*WHAT TO WORK ON*. Reproduce, from the lines below, exactly the stretch that begins at the line containing "GE DHDSR46EG7WW cabinet diagram" and ends at the line containing "SC license plate MGB357", both included.

Dataset records:
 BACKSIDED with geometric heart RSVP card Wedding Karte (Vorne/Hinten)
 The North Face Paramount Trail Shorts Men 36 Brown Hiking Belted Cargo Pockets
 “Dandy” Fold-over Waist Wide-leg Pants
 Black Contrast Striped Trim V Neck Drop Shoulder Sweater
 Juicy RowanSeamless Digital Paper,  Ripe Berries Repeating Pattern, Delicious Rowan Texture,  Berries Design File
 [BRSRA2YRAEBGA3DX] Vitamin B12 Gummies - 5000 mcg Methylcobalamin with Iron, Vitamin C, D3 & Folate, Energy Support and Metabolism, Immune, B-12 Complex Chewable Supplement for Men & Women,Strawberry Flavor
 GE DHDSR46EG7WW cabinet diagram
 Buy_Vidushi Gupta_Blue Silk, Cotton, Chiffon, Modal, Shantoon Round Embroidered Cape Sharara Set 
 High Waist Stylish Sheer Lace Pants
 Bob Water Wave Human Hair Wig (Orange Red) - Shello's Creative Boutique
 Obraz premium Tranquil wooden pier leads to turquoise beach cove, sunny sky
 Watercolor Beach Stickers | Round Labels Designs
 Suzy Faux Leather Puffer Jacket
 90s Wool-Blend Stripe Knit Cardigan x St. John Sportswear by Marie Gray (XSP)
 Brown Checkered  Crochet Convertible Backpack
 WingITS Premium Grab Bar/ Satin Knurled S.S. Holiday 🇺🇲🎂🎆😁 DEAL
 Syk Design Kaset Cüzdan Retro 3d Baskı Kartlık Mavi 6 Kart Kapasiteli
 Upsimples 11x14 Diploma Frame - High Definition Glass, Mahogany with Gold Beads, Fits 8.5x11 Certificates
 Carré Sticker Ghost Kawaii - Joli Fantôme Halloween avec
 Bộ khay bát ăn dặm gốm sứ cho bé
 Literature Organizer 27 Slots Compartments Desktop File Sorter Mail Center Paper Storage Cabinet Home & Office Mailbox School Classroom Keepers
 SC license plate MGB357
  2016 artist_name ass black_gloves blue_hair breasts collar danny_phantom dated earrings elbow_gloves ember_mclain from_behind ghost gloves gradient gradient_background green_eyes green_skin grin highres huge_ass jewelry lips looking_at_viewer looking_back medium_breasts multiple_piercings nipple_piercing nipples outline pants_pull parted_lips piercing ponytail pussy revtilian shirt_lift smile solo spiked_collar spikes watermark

*ANSWER*.
 GE DHDSR46EG7WW cabinet diagram
 Buy_Vidushi Gupta_Blue Silk, Cotton, Chiffon, Modal, Shantoon Round Embroidered Cape Sharara Set 
 High Waist Stylish Sheer Lace Pants
 Bob Water Wave Human Hair Wig (Orange Red) - Shello's Creative Boutique
 Obraz premium Tranquil wooden pier leads to turquoise beach cove, sunny sky
 Watercolor Beach Stickers | Round Labels Designs
 Suzy Faux Leather Puffer Jacket
 90s Wool-Blend Stripe Knit Cardigan x St. John Sportswear by Marie Gray (XSP)
 Brown Checkered  Crochet Convertible Backpack
 WingITS Premium Grab Bar/ Satin Knurled S.S. Holiday 🇺🇲🎂🎆😁 DEAL
 Syk Design Kaset Cüzdan Retro 3d Baskı Kartlık Mavi 6 Kart Kapasiteli
 Upsimples 11x14 Diploma Frame - High Definition Glass, Mahogany with Gold Beads, Fits 8.5x11 Certificates
 Carré Sticker Ghost Kawaii - Joli Fantôme Halloween avec
 Bộ khay bát ăn dặm gốm sứ cho bé
 Literature Organizer 27 Slots Compartments Desktop File Sorter Mail Center Paper Storage Cabinet Home & Office Mailbox School Classroom Keepers
 SC license plate MGB357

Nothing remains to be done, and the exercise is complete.